### Data section
*** Begin section ***
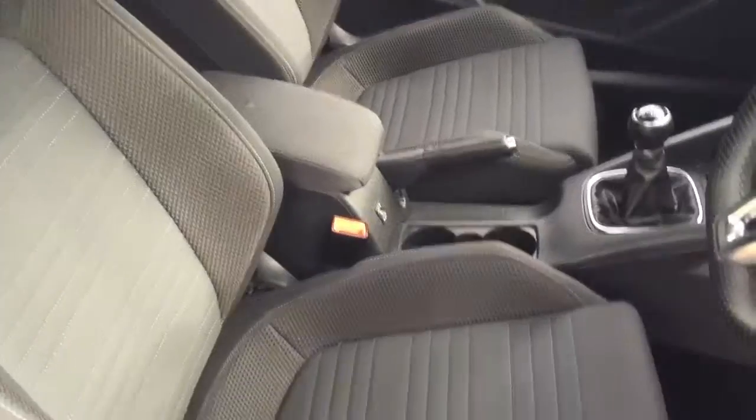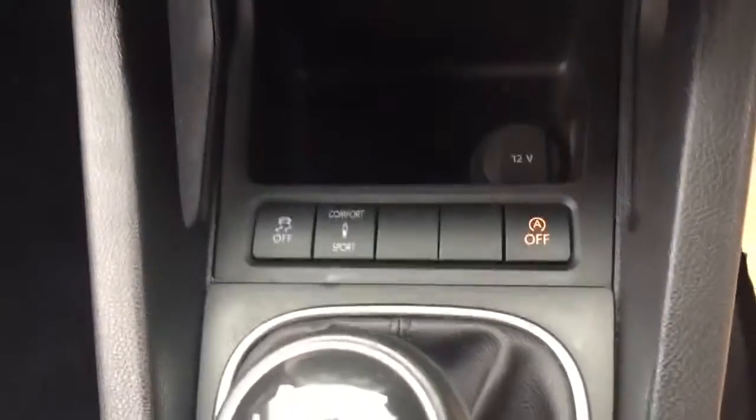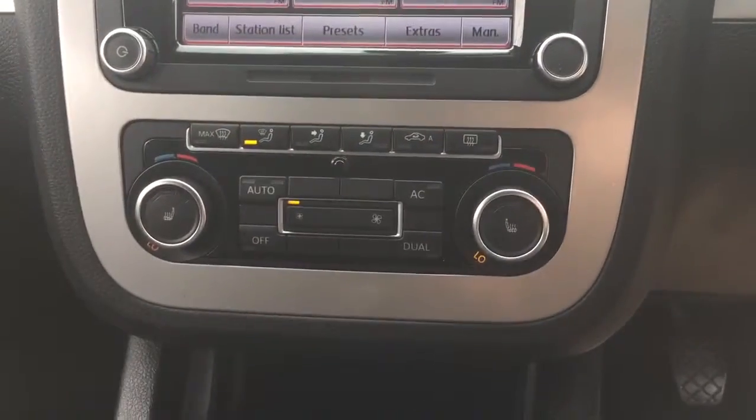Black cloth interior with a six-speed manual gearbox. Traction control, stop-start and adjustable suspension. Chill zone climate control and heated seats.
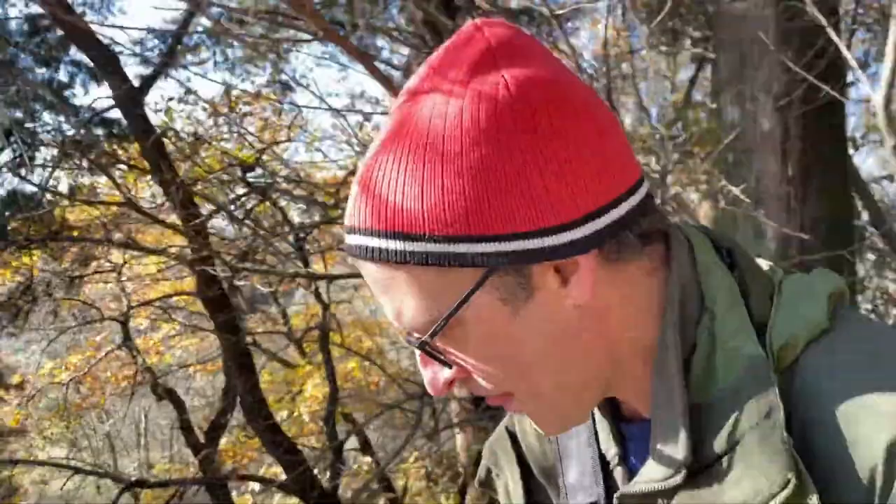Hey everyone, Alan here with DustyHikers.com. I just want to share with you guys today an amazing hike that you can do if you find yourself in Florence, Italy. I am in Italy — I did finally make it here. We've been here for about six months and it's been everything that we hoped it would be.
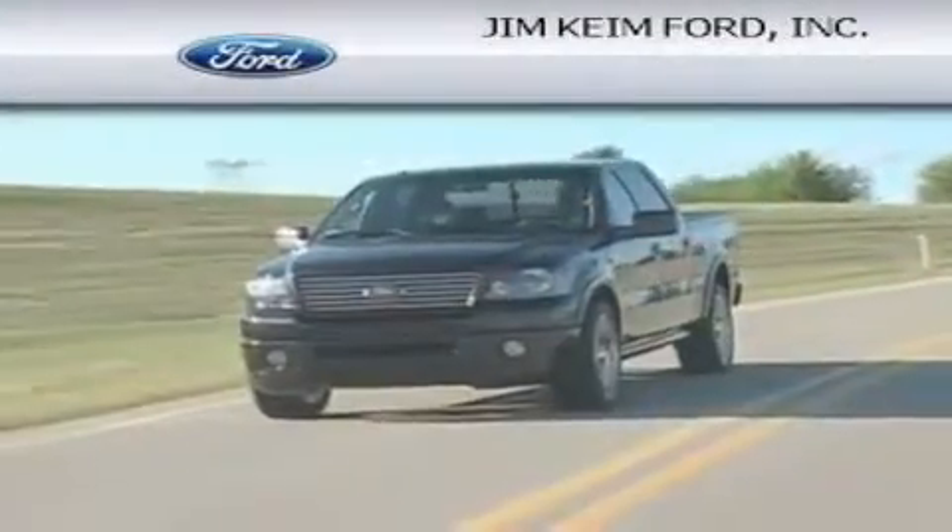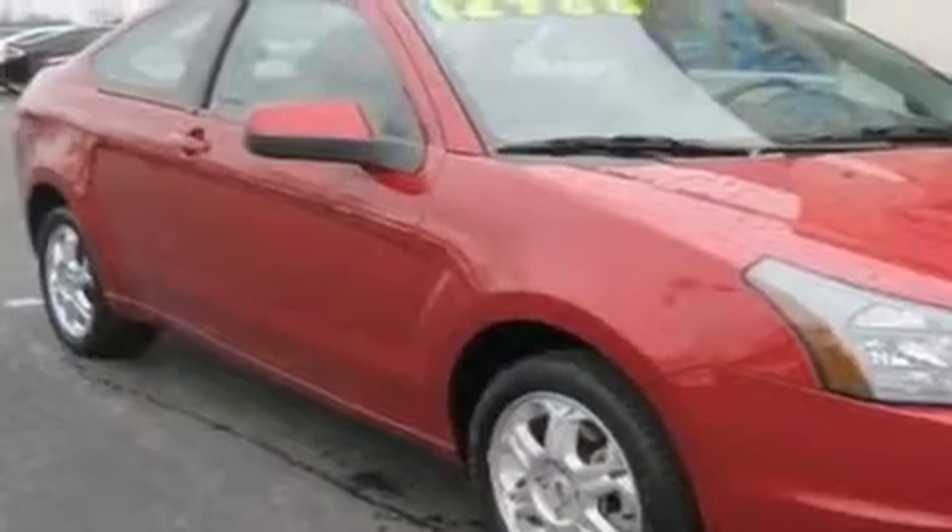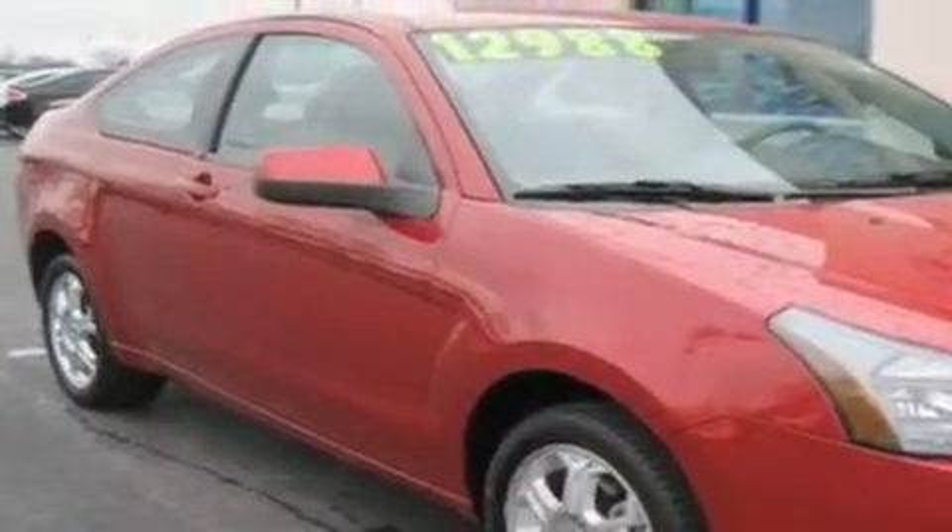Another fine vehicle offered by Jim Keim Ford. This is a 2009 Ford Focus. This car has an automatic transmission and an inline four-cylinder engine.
*** End section ***
### Directions
Please return each line of the listing exactly as written, excluding the images.

### Answer box
Black cloth interior with a six-speed manual gearbox. Traction control, stop-start and adjustable suspension. Chill zone climate control and heated seats.
Hey everyone, Alan here with DustyHikers.com. I just want to share with you guys today an amazing hike that you can do if you find yourself in Florence, Italy. I am in Italy — I did finally make it here. We've been here for about six months and it's been everything that we hoped it would be.
Another fine vehicle offered by Jim Keim Ford. This is a 2009 Ford Focus. This car has an automatic transmission and an inline four-cylinder engine.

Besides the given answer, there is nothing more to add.